The Labor Department's July 30 retreat from greater monitoring and fiduciary responsibilities by defined contribution plan sponsors for self-directed brokerage accounts was the product of much lobbying, discussion and debate.
The switch was due to “an intensive effort” of lobbying by industry members to contacts in the Office of Management and Budget, the White House and Congress, said Edward Ferrigno, the Washington-based vice president for legislative affairs for the Plan Sponsor Council of America. He didn't identify any contacts.
No single event or person was cited by those interviewed as being the catalyst for change.
Bradford Campbell, Washington-based counsel for law firm Drinker Biddle & Reath LLP, said the lobbying effort was notable because “employers and providers had the same sense of concerns,” especially the belief that the DOL was trying to create a regulation without a formal review.
“Process is important because it flushes out problems,” said Mr. Campbell, who was assistant secretary of labor for the Employee Benefits Security Administration from 2006 to 2009.
“My sense of watching this” is that when industry members didn't get a satisfactory response from the department, “everyone went to the White House and OMB, saying that this agency was not playing by the rules that you had defined,” Mr. Campbell said. “'We want you to tell them to back off' - and they did.”
The major irritant in the May 7 document on fee disclosure was a passage on self-directed brokerage accounts or windows. Industry participants interpreted this to mean sponsors and providers would have to keep track of all investments within brokerage accounts, checking if any investments crossed certain thresholds based on participants' use.

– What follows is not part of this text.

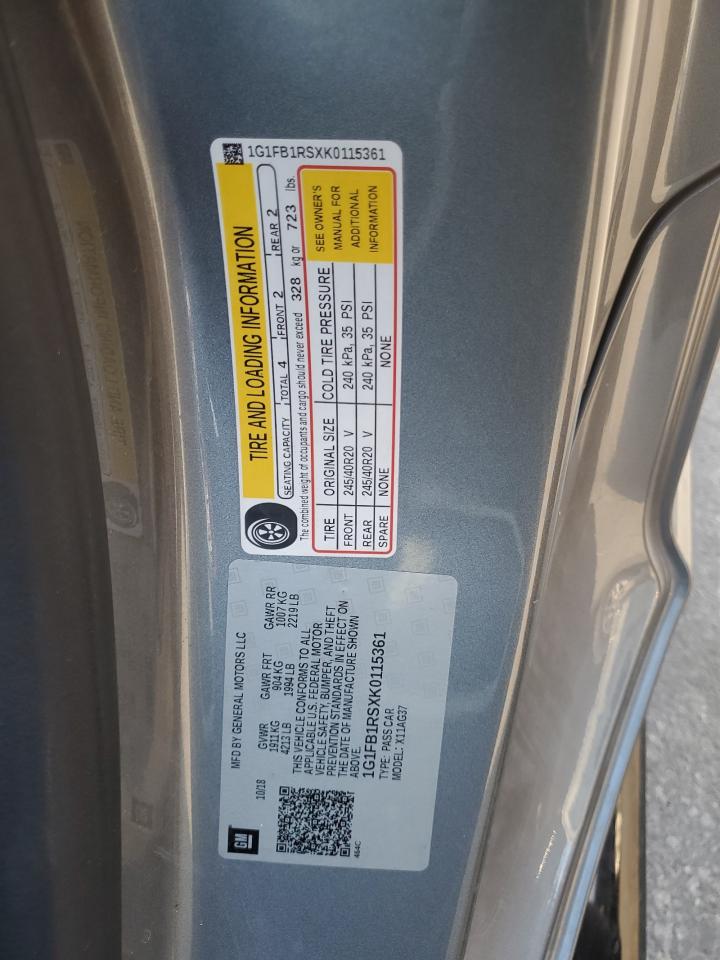 2019 Chevrolet Camaro Ls VIN: 1G1FB1RSXK0115361 Lot: 93451215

If such a threshold were crossed, a specific brokerage account investment would be considered a designated investment alternative and thus subject to additional monitoring and fiduciary responsibility for sponsors. Providers said this would require significant additional expense to create systems to monitor the investments.
The turnaround — from the department's May 7 guidance document — was pretty quick by regulatory standards, according to industry experts.
They were pleased with the revision because it removed wording they claim was an expensive, administratively complex and last-minute effort to create a new regulation without following formal regulatory procedures.
“We weren't trying to cause a big fight” by talking to legislators and congressional staff members, said Lynn Dudley, senior vice president for policy at the American Benefits Council, Washington.
But at the same time, she said, “we weren't confident that we were making the progress that we needed to make.”